Lawmakers, however, have never raised the tax and established the fund, and some farm organizations have said they either would not support a tax increase or would like to change the formula now in place should such a fund be established.
The panelists at the Farm Bureau meeting did not address the politics of the funding issue, but instead focused on the present effort and issues such as the movement toward more emphasis on phosphorus and nitrogen rather than simply soil erosion.
But those changes also present challenges, according to Matt Helmers, director of the Iowa Nutrient Research Center at Iowa State University. For example, buffer strips along streams certainly help reduce soil erosion, but if a tile line runs under the buffer to the stream it may not do much to reduce nitrate levels in the stream. Creating a saturated buffer might be more useful.
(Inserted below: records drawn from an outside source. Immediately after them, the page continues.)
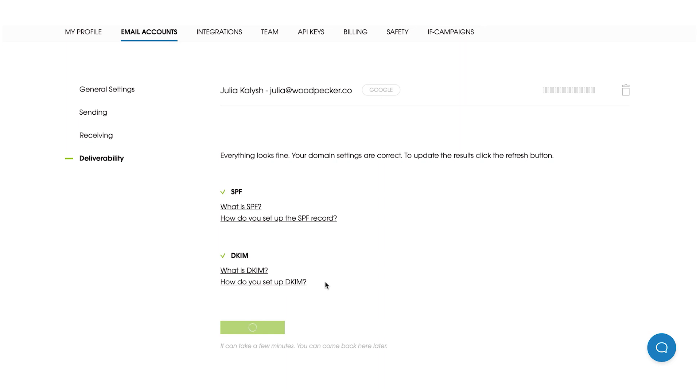It can take a few minutes for the system to refresh your settings and as you can see system updated my records and shows me that everything looks fine. In the next video we will set up the DKIM record for G Suite accounts.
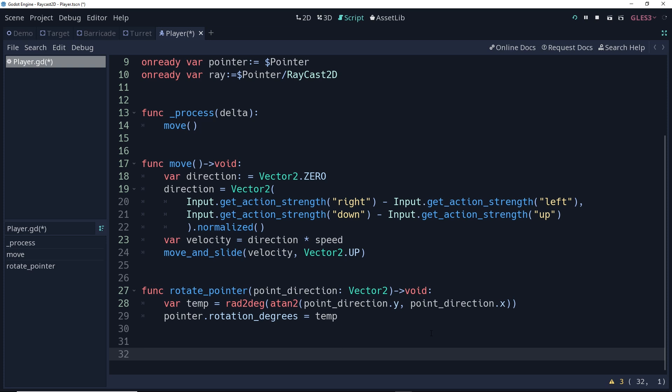The reason I'm using atan2 instead of atan is I want to make sure that this will never return a division by zero error. Now we need to call the rotate pointer function. In this case, I'm going to call it from the move function. I'm going to check to see if the player did move, and if they did, we'll rotate the pointer.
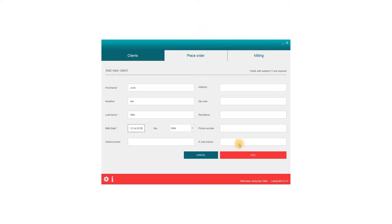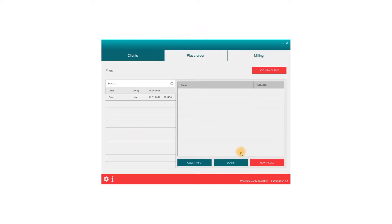To confirm the added client information, click the Add button. The newly added client will appear at the top of your client list and will automatically be selected.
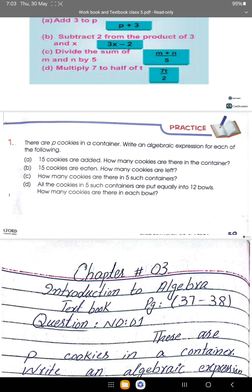Chapter 3, Introduction to Algebra, textbook page 37 and 38. Question 1: there are p cookies in a container. Write an algebraic expression for each of the following. 15 cookies are added — how many cookies are there in the container? We write p plus 15.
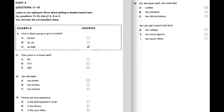Now look at part three. Listen to Jan talking to Steve about getting a student travel card. For questions 11 to 15, tick A, B or C. You will hear the conversation twice. Look at questions 11 to 15 now. You have 20 seconds. Now listen to the conversation.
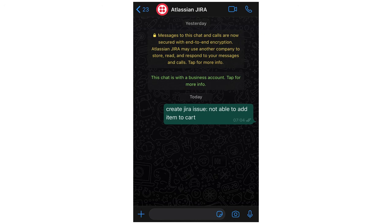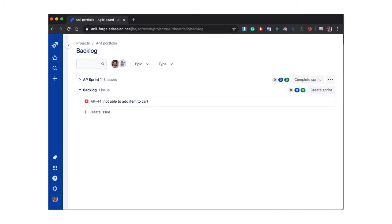As you can see here, 'not able to add item to cart' and 'not able to' are already configured in my Algolia search table. Based on the results the Forge app gets from Algolia, it creates a bug ticket on the Jira project. And here you can see the message sent on WhatsApp has been converted into a bug on a Jira ticket.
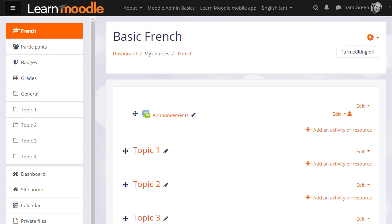In the next video, we look at how you can change the name and layout of your Moodle course.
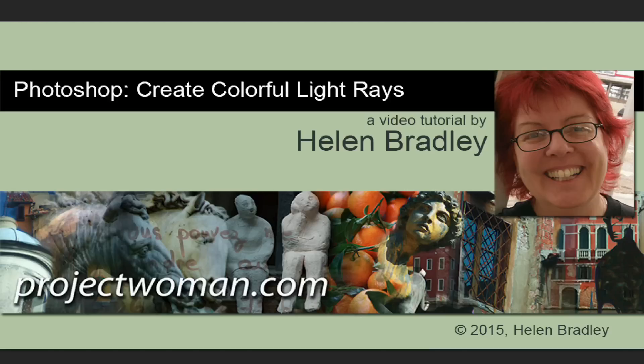Hello, I'm Helen Bradley. Welcome to this video tutorial. In this tutorial, I'll show you how to create colorful light rays in Photoshop CC 2014.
Shawn Richmond, director of environment technology for the Iowa Nutrient Research and Education Council, said the state has done a good job for many years combatting phosphorus levels in streams but is in recent years starting to look more at nitrogen.
Climate change issues present new challenges to the effort to improve water quality, Helmers said, because it is leading to larger and more intense rainfall events and appears to be leading to wetter springs. Spring rains can be a serious problem where there are no cover crops to protect the soil, he said.